Kupi Beungoh
Meneropong Hubungan Intelektualitas Aceh (Dayah, Al- Azhar, dan Alumni Timur Tengah)
Jangan kita disibukkan dengan memperdebatkan urusan furuiyyah sehingga syaitan, kafir, dan musuh Allah lainnya kehilangan musuh untuk dilawan.
Di antara muballigh-muballigh Islam dari kerajaan Mamalik itu adalah Ismail ash-Shiddiq yang datang ke Pasai mengajarkan Islam madzhab Syafi’i.
Dengan usaha beliau, ummat Islam Pasai menganut madzhab Syafi’i.

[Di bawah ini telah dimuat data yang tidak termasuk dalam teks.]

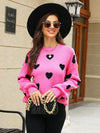 Valentine's Day Heart Pullover Women's Knitwear Large Size Loose Sweater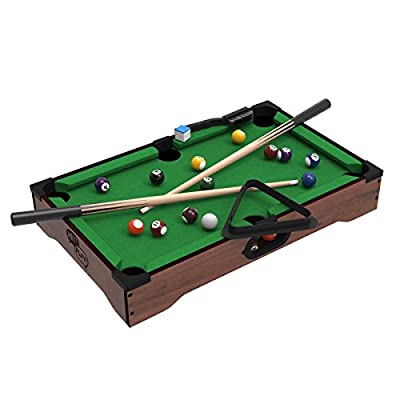 Mini Tabletop Pool Set- Billiards Game Includes Game Balls, Sticks, Chalk, Brush and Triangle-Portable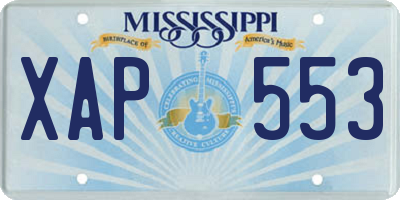 MS license plate XAP553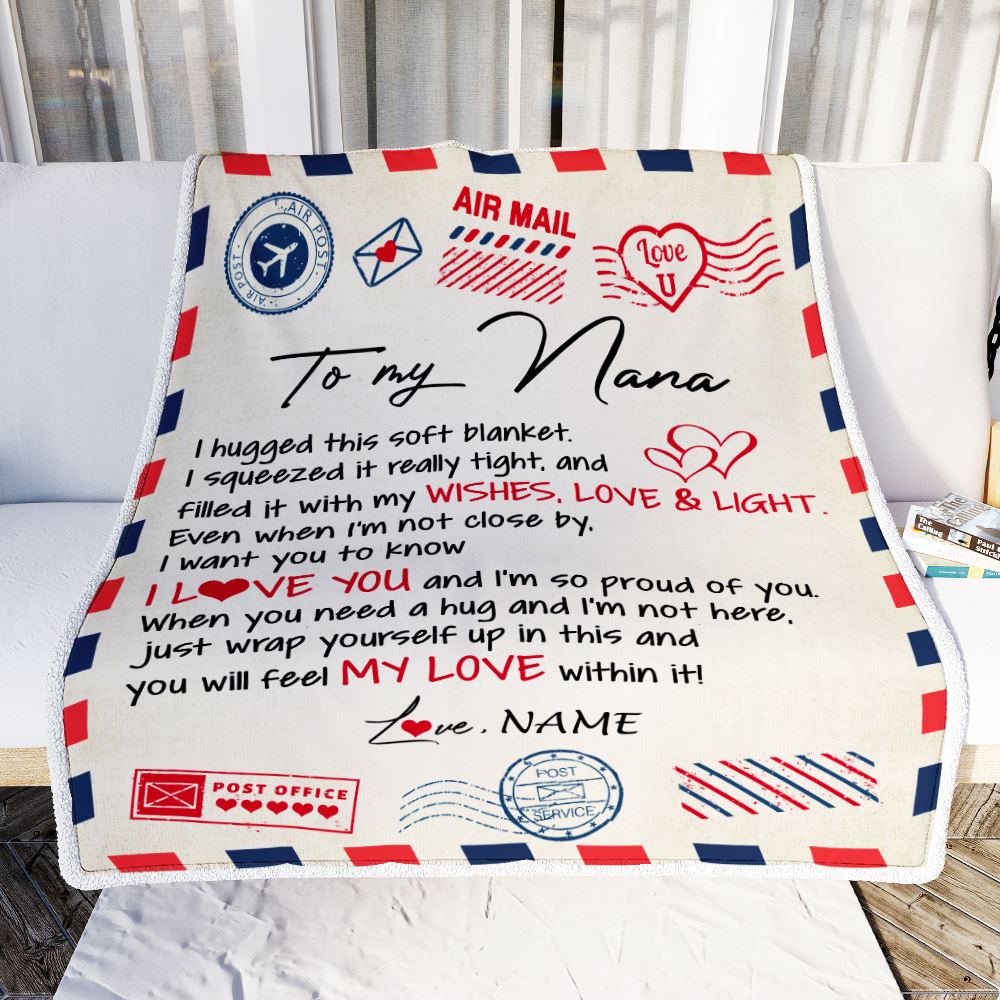 Personalized To My Nana Blanket From Grandkids Grandson Air Mail Letter I Love You Nana Birthday Mothers Day Christmas Customized Fleece Throw Blanket | teecentury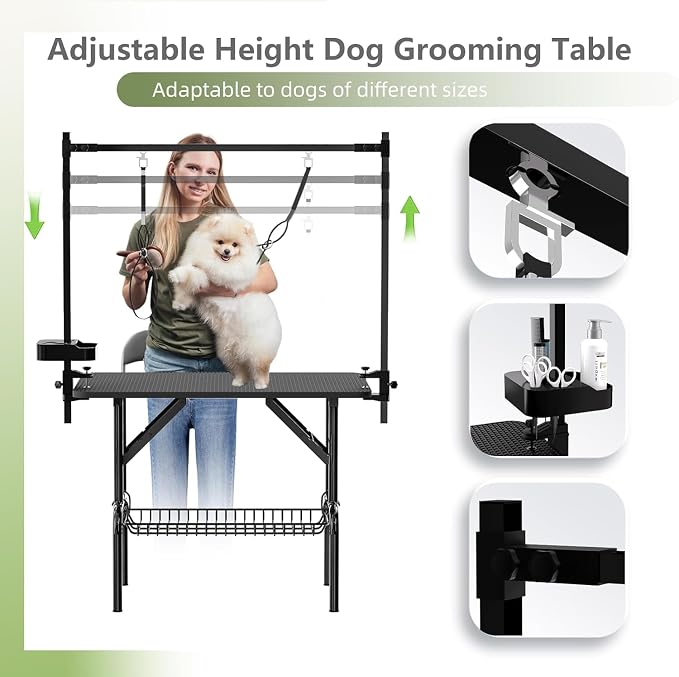 36" Professional Dog Pet Grooming Table Adjustable Heavy Duty Portable w/Arm & Noose & Mesh Tray - Image 3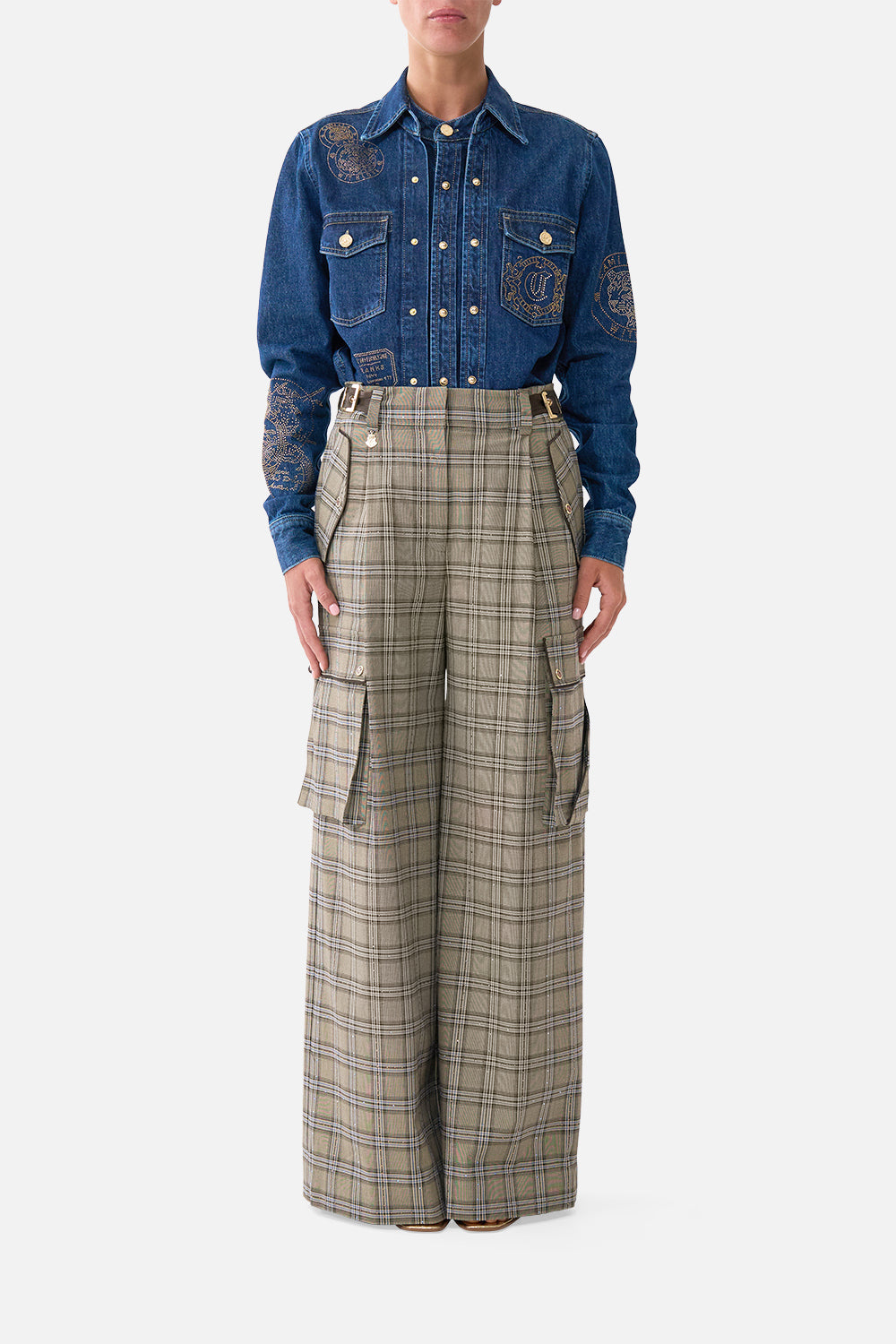 The CAMILLA Sophy Relaxed Shirt Denim in our Denim print.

Raja-raja Pasai pun sejak saat itu menjadi penganut madzhab Syafi’i yang gigih.
Memang bak gayung bersambut, Islam yang datang di Negeri beriklim tropis, tepatnya di Peureulak bukan di Barus, sekali lagi bukan di Barus, adalah bermazhab Syafi’i.
Mazhab yang dikenal sebagai mazhab poros tengah.
Disebut sebagai mazhab moderat atau mazhab poros tengah karena Imam Syafi'i memilih jalan tengah antara mazhab fikih rasional (Hanafiah) dan mazhab fikih tradisional (Hanabilah).
Karena dianggap cocok tanpa mengesampingkan mazhab fikih tiga lainnya.
Sultan Iskandar Muda dalam Qanun Meukata Alam, menobatkan aqidah ahlusunnah wal jamaah (Fikih mazhab Syafi’i, Aqidah Asy’ari wal Matudiri, dan Tasauf Al Ghazali wal Junaid al Baghdadi) sebagai mazhab resmi Kerajaan Aceh dan melarang tersebar aqidah 72 (tujuh puluh dua), di antara nya Syiah, khawarij, Muktazilah dan aliran sempalan lainnya.
Organisasi dan pergerakan di Indonesia
Sedikit sebelum dan sesudah kemerdekaan Indonesia. Indonesia diwarnai dengan lahir sejumlah organinasi masyarakat yang mengorganisir amaliah umat Islam dalam kerangka mazhab.
Muhammadiyah (1912) oleh KH Ahmad Dahlan di Jogyakarta, empat belas tahun kemudian didirikan Nahdlatul Ulama (1926) di Jawa Timur oleh KH Hasyim Asy’ari, Persatuan Tarbiyah Islamiyah (Perti) tahun1930 di Bukit Tinggi, Sumatera Barat.
Berbarengan lahir juga Al-Washliyah (1930) di Medan.
Salafi Wahabi ala Saudi Arabia tidak begitu diminati di Indonesia. Kecuali sesudah ternaturalisasi berkali-kali.
Yakni dari Muhammad bin Abduh Mesir (W. 1905), lalu disaring dengan pemahaman Muhammad Rasyid bin Ali Ridha (W. 1935) kemudian disterilkan oleh KH Ahmad Dahlan yang mempunyai sikap moderat.
Itupun tidak terlepas dari didikan guru spiritual, Sayyid Abu Bakar Syata dari pengarang kitab I’anatut Talibin Syarah Fathu al-Muin, Mufti dan Imam Masjidil Haram di masanya.
Sebenarnya tidak mengapa dengan tumbuh kembangnya sejumlah ormas di atas.